Mulch is a very useful product when used in your shrub, annual, or flower beds. It retains moisture for plant roots, blocks weed growth, and is just plain better looking than dirt. Properly preparing your beds for Mulch Installation ensures the best outcome for weed management and the cleanest looking final product.
As part of a complete bed cleanup and mulch project you should always get your shrubs and trees nice and tidy for the growing season. Pruning as the initial part of the process is important because the clippings will become a mess that will hamper your efforts at later steps.
All plants have different pruning requirements and recommendations. For example, Hydrangeas should be cut down to no more than 2-3 leaf buds, and second year deadwood should be completely removed. Make sure to research the pruning style for your particular plants before causing damage.
As last season’s mulch has undoubtably broken down over winter, weeds have inevitably taken over your garden oasis. This step is the most crucial in the Mulching process. Removing established broadleaf weeds as far to the root as possible will give your new mulch its best chance to do its thing.
- Hand Weeding: Most surface dwelling annual grasses and ground cover weeds can be pretty easily removed by hand.
- Weeding Tool: Metal tools such a weeding spade can help to create more force to remove deeply rooted perennial weeds such as dandelions and crabgrass.
- Weed Whacking: In large open areas very saturated with taller weeds, using a gas powered trimmer can make quicker work of removing unwanted green from the surface. This does not remove the roots, so aggressive management will be needed later as these may appear more quickly post Mulching.

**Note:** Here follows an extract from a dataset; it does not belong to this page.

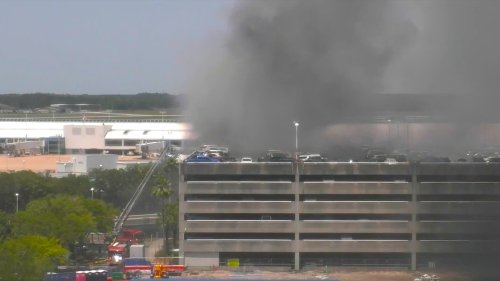 Parking garage fire shuts down Jacksonville’s airport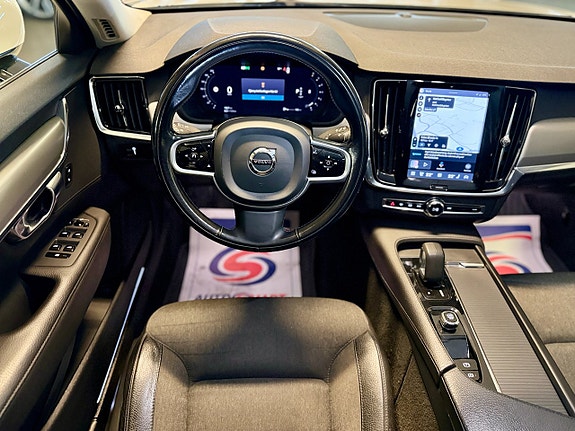 Volvo V90 9 of 17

- Spray: This is not the time to spray. Herbicide sprays will be more effective for post-emergent weeds that appear in the future, but spraying now and leaving the green during Mulching will cause undesirable results.
3. Bed Edging
Edging your beds prior to Installing Mulch is not just for aestetic purposes. This step creates a barrier between your Mulch and the rest of your Lawn. Weeds that may exist in you Grass Turf areas are less likely to spread or seed into your Garden beds with this barrier. Using a straight shovel or spade, dig a staight edge about 2 inches deep and allow the dirt to flow in a downward “trench-like” fashion.
4. Pre-Emergent Weed Control
Now that you have spent a great deal of time and effort preparing your beds to Deliver of Fresh New Mulch, it is the best time to protect your investment from future Weed infiltration. Although their are several types, Preen is the most commonly and widely used granular weed control for Mulch beds. Just shake or spread a healthy amount of granules on the bare dirt and you are ready and protected.
5. Mulch Istallation
Now that your Weeds are pulled, Shrubs pruned, and edges crisper than a new pair of jeans: it’s time to install that new layer of Mulch. Here are some important things to remember when laying down new mulch
- The most important facet of Mulch Installation is correct depth. The most commonly reccomended depth is 2 to 3 inches. Too little and your plants won’t get proper moisture and weeds will thrive. Too much and you can cause too much moisture causing “Root Rot”.
- Install Mulch on a dry day as wet mulch can become clumpy an hard to make look even.
- Chose mulch color based on what looks best with your home color and flowering plant types.
- Cheap economy mulch can attract damaging insects such as Termites and Carpenter Ants. Also low cost mulch loses color quickly and has less weed prevention abilities.
- Large trees should not have mulch touching the base at all. This is known as Mulch “Volcanoes”, or “Volcane-NO’s!”. This can kill your tree through suffocation.
6. Routine Maintenance
Now that you have graduated Mulch Preparation University, it is time to take all that you have learned and keep those Mulch beds looking good. A few minutes a week will go a long way in maintaining your hard work. Here are a few important steps to take during your regular Lawn Mowing Maintenance Schedule.
- Direct you mower’s chute away from your beds. Clippings will spread grass and weed seed, which will easily propogate on the top of the Mulch surface.
- Pull small weeds as you see them pop up. This will prevent weeds from establishing large root systems and becoming bigger problems later.
- Prune shrubs and hedges regularly to maintain a clean look and prevent invasive species from intermingling with shrubs.
- Water regularly with your lawn. Mulch needs moisture just as does your lawn. Without regular watering, mulch dries out, deprives surronding plant roots, and allows weeds to thrive.